The underlying causes of deforestation in Indonesia are complex. The Rainforest Alliance and SAN are working with other local and international NGOs to hold the loggers, plantation managers, miners, government agencies and other actors accountable for the declining forest and biodiversity in this region, as in other areas. We will put the spotlight on uncooperative and illegal operators and verify -- through the certification process -- the best management practices of progressive forest and plantation managers.
Palm oil is used in a range of products from food products to soaps, body care and cleaning products, and latterly in the production of biofuels. Focusing attention on one product which contains a small percentage of palm oil risks missing the bigger problem of needing to tackle the serious issue of how to increase the percentage of supply of palm oil which comes from sustainable sources. Currently this percentage is very low and given the commitment of many companies to source all their palm oil from sustainable sources by 2015 a lot of work needs to be done to ensure the availability of such supplies. The Rainforest Alliance accepts the practical realities of ensuring an adequate and traceable supply of palm oil from plantations that are certified as being well along the path toward sustainability. We, along with others, are working tirelessly to address this.
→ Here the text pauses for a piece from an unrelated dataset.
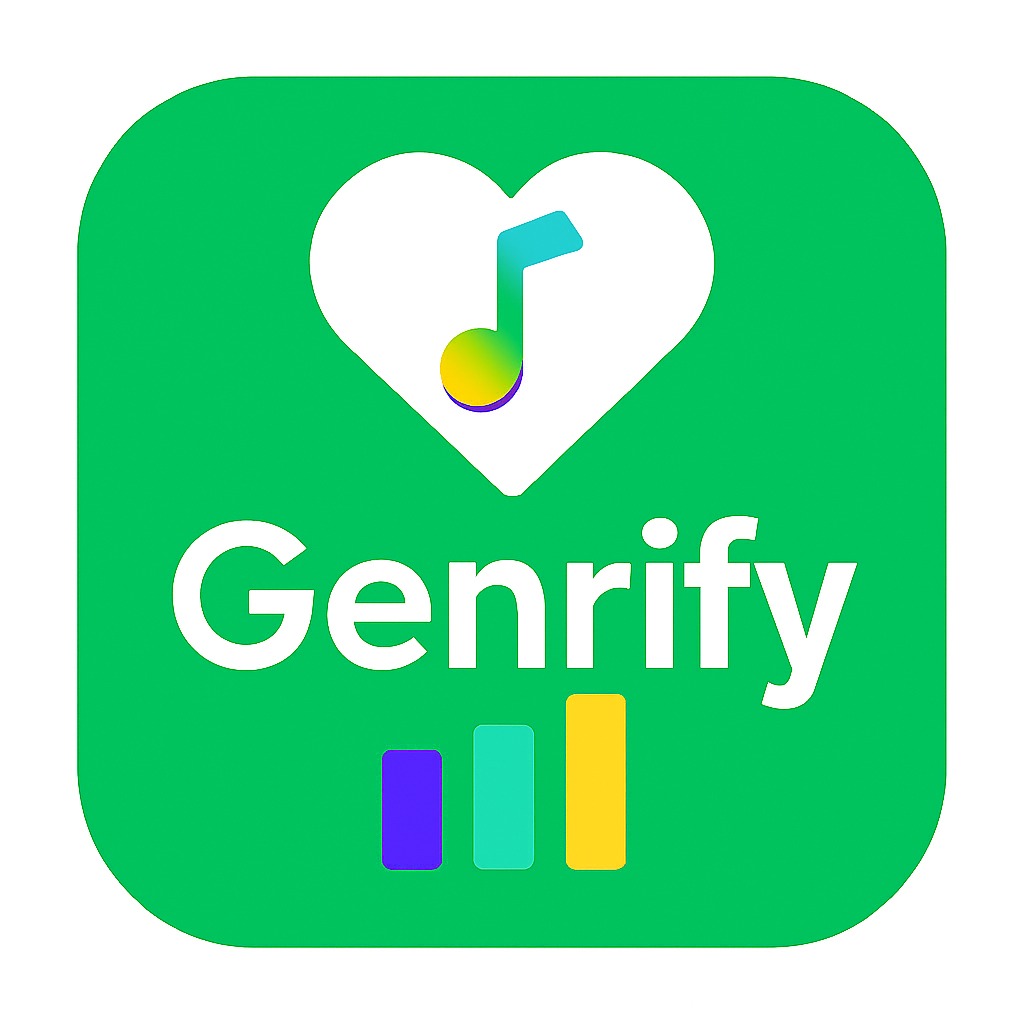 Logo Genrify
When the Rainforest Alliance Certified™ seal appears on multi-ingredient products, the ingredient which is covered by our standard is clearly and transparently labeled. This is the best practice policy across all independent certification systems. The Rainforest Alliance continues to work with those companies producing such mixed-ingredient products to bring other appropriate products under suitable, independent certification. In addition the Rainforest Alliance requires a risk assessment for these non-certified ingredients before the use of the Rainforest Alliance Certified™ seal is granted on these products.